He said Wednesday that he now has “close to nothing” left and is down to one working credit card with “maybe $100,000 in that bank account.”

Since FTX filed for bankruptcy, Bankman-Fried has distanced himself from the image he projected in media interviews and on Capitol Hill, telling a Vox reporter his advocacy for a crypto regulatory framework was “just PR” and his discussions on ethics within the industry were at least partly a front.

Bankman-Fried said he was “confused” as to why FTX’s U.S. entity, which was included in the bankruptcy filing, is not processing customer withdrawals.

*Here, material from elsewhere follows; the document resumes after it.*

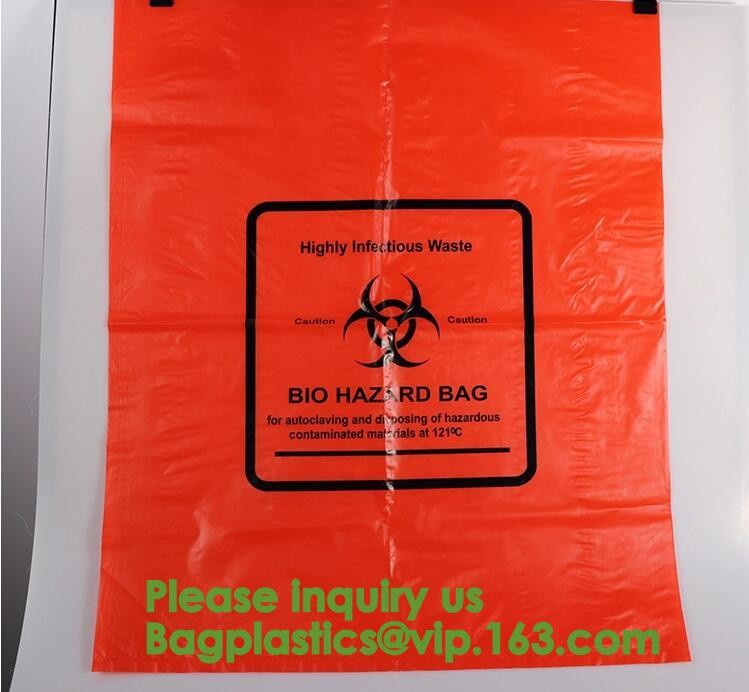 Bio Hazard Tote Bags,Stick-on Red Bio Hazard Waste Bags 6" x 6" 200/Bx,Shop Bio Hazard Shoulder bags online bagease pack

Redemptions are currently paused for both U.S. and international customers.

“To my knowledge all American customers and all American regulated businesses here are, I think at least in terms of client assets, are okay,” he said, adding that derivatives contracts at one of its U.S. subsidiaries were “fully collateralized.”

WHAT HAPPENED

Bankman-Fried said that Alameda had built up a substantial position on FTX and that as digital asset prices plummeted this year, Alameda became increasingly more levered to the point of no return earlier this month.

“Realistically speaking, (there was) no ability for FTX to be able to liquidate that position and generate everything that was owed,” he said.

He added that he “wasn’t trying to commingle funds,” but said that when FTX didn’t have a bank account, some customers wired money to Alameda and were credited on FTX, which likely led to discrepancies.

Bankman-Fried stepped down as CEO of Alameda in October 2021, four years after founding the company, and ceded the role to Caroline Ellison and Sam Trabucco, who acted as co-CEOs until Trabucco departed the firm in August.

For his part, Bankman-Fried said he regretted focusing on the bigger picture at FTX at the expense of risk management, which he said he paid less attention to over “the last year or two.”

His companies “completely failed” on risk management, he said.

“There was no person who was chiefly in charge of positional risk of customers on FTX, and that feels pretty embarrassing in retrospect.”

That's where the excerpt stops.